Certaines coopératives ont lancé des programmes d’épargne financière ; d’autres organisent des sessions de formation sur la manipulation du mercure, la négociation des prix et même la comptabilité de base. Les femmes s’engagent également dans le mentorat entre pairs, aidant les nouvelles arrivantes à se familiariser rapidement avec les techniques minières et à s’orienter vers les autorités locales. 

 

Au-delà de l’or : investir dans les générations futures 

Les avantages ne se limitent pas aux femmes elles-mêmes. Nombre d’entre elles investissent leurs revenus dans l’éducation et  l’acquisition de biens pour leurs enfants. Dans les camps où travaillent les femmes, des écoles et des cliniques ont commencé à voir le jour, certaines financées par les revenus de l’exploitation minière. 

 

«Autrefois, je vendais des tomates à un poste-frontière », explique Rose Phiri, une ancienne commerçante devenue mineure. “Aujourd’hui, ma fille est à l’université. C’est le pouvoir d’un peu d’or et de beaucoup de détermination. 

 

Plusieurs coopératives soutiennent désormais des groupes d’études après l’école et des comptes d’épargne pour les jeunes, semant ainsi les graines d’une mobilité économique générationnelle. 

Les femmes mineures ouvrent également la voie à la participation des jeunes générations de manière plus sûre et plus intelligente. Les jeunes femmes et les jeunes filles, qui voient souvent leurs mères diriger des coopératives, apprennent non seulement la valeur du travail acharné, mais aussi comment diriger une entreprise, gérer l’argent et prendre des décisions stratégiques. 

Certains projets axés sur les jeunes à Penhalonga et à Gwanda comprennent désormais des programmes de mentorat pour les filles de mineures, qui les orientent vers des carrières dans les STIM, le journalisme et l’éducation financière.
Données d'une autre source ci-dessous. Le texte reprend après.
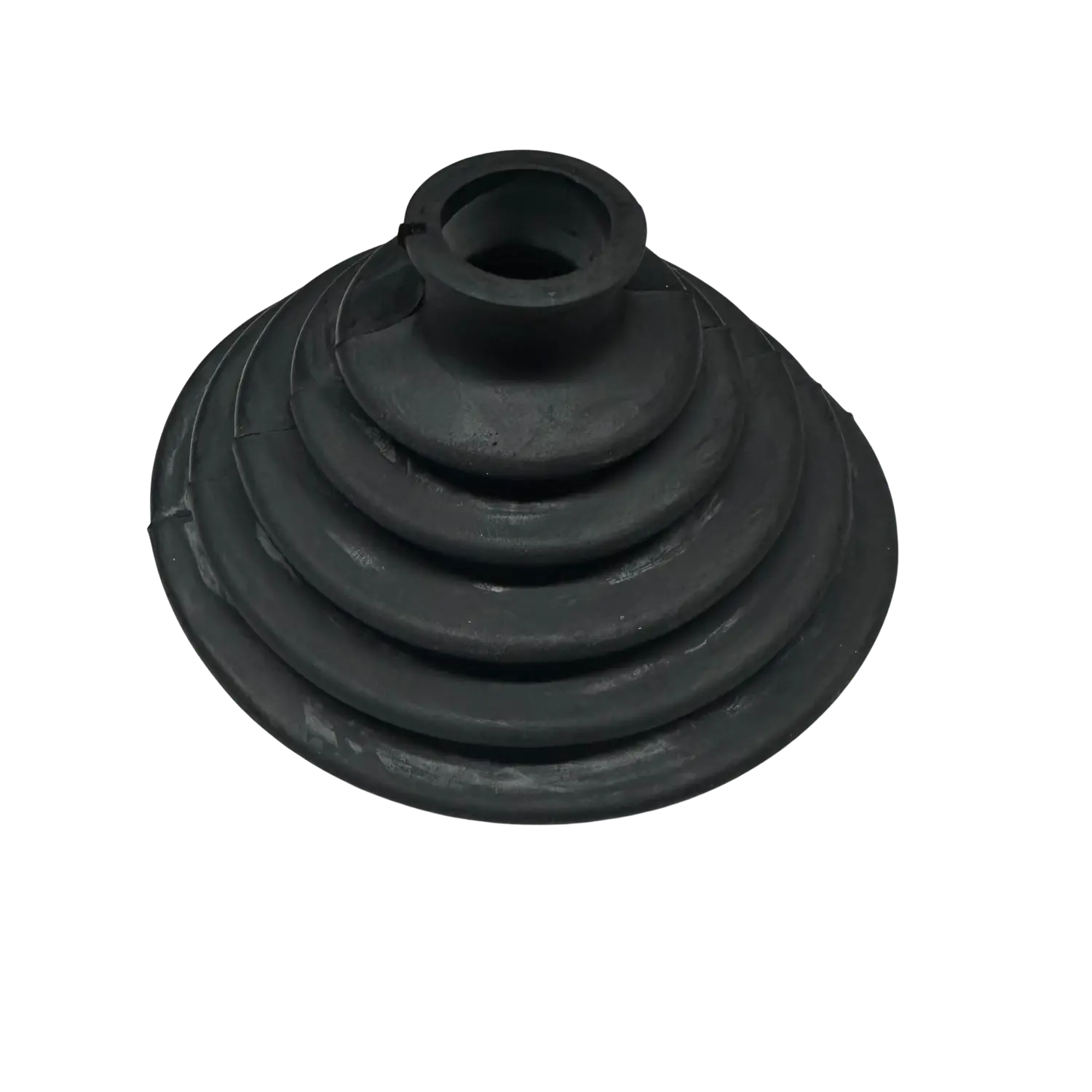 Antriebswellenmanschette radseitig (Standard Gummi) – für 2CV, Dyane, Mehari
Ces investissements façonnent une génération autonome et entreprenante. 

 

Renforcement des systèmes : qui apporte son soutien ? 

Des changements positifs se produisent à plusieurs niveaux. La Zimbabwe Women’s Microfinance Bank accorde désormais des prêts aux femmes travaillant dans l’industrie extractive, y compris aux migrantes. La Zimbabwe School of Mines (l’école des mines du Zimbabwe) a mis en place une formation de proximité pour les travailleurs informels et transfrontaliers. 

Les ONG et les partenaires du développement lancent des kits à outils pour une exploitation minière sûre et des centres de ressources intelligents en matière de genre. Des projets pilotes menés par l’OIM et l’ONU Femmes explorent la possibilité de créer des cartes d’identité régionales pour les mineurs et des cliniques d’aide juridique. 

Ces initiatives s’inscrivent parfaitement dans les politiques de l’UA en matière de migration et de commerce. Il est désormais nécessaire de renforcer l’intégration et le financement pour passer à l’échelle supérieure. 

 

 

Mise à jour des politiques : apprendre sur le terrain 

Si les femmes migrantes travaillant dans les mines sont toujours confrontées à des obstacles tels que des lacunes dans leurs documents, une ambiguïté juridique et des problèmes de sécurité, elles ne se laissent pas définir par ces difficultés. Elles apportent déjà des réponses. Chaque défi est relevé avec innovation. Ces femmes n’attendent pas les réformes, elles les mènent. 

Pour tirer pleinement parti de ce mouvement, les décideurs politiques doivent changer d’approche et reconnaître les acteurs informels comme des participants économiques légitimes. 

Le député de Shamva South, l’honorable Joseph Mapiki, qui est également membre de la commission parlementaire chargée des mines, estime qu’il est impératif que les décideurs politiques adoptent des lois qui favorisent la présence des femmes dans le secteur minier et facilitent l’accès à la formalisation de leur travail. 

 

Prochaines étapes : formalisation et mobilité 

Afin de renforcer la position des femmes migrantes dans le secteur minier du Zimbabwe et d’aligner les efforts nationaux sur les cadres de l’Union africaine, plusieurs mesures politiques tournées vers l’avenir pourraient être adoptées, notamment la transposition du Protocole de l’UA sur la libre circulation des personnes, garantissant que les travailleurs migrants, en particulier les femmes travaillant dans le secteur informel, puissent vivre et travailler légalement au-delà des frontières avec des documents officiels. Cette mesure permettrait de réduire la vulnérabilité et de soutenir l’intégration régionale.  

L’introduction de permis de travail transfrontaliers simplifiés pour les mineurs et les commerçants informels, liés à des coopératives ou à des syndicats miniers, offrirait une reconnaissance légale et permettrait une mobilité plus sûre et plus stable pour des milliers de femmes qui contribuent à l’économie.  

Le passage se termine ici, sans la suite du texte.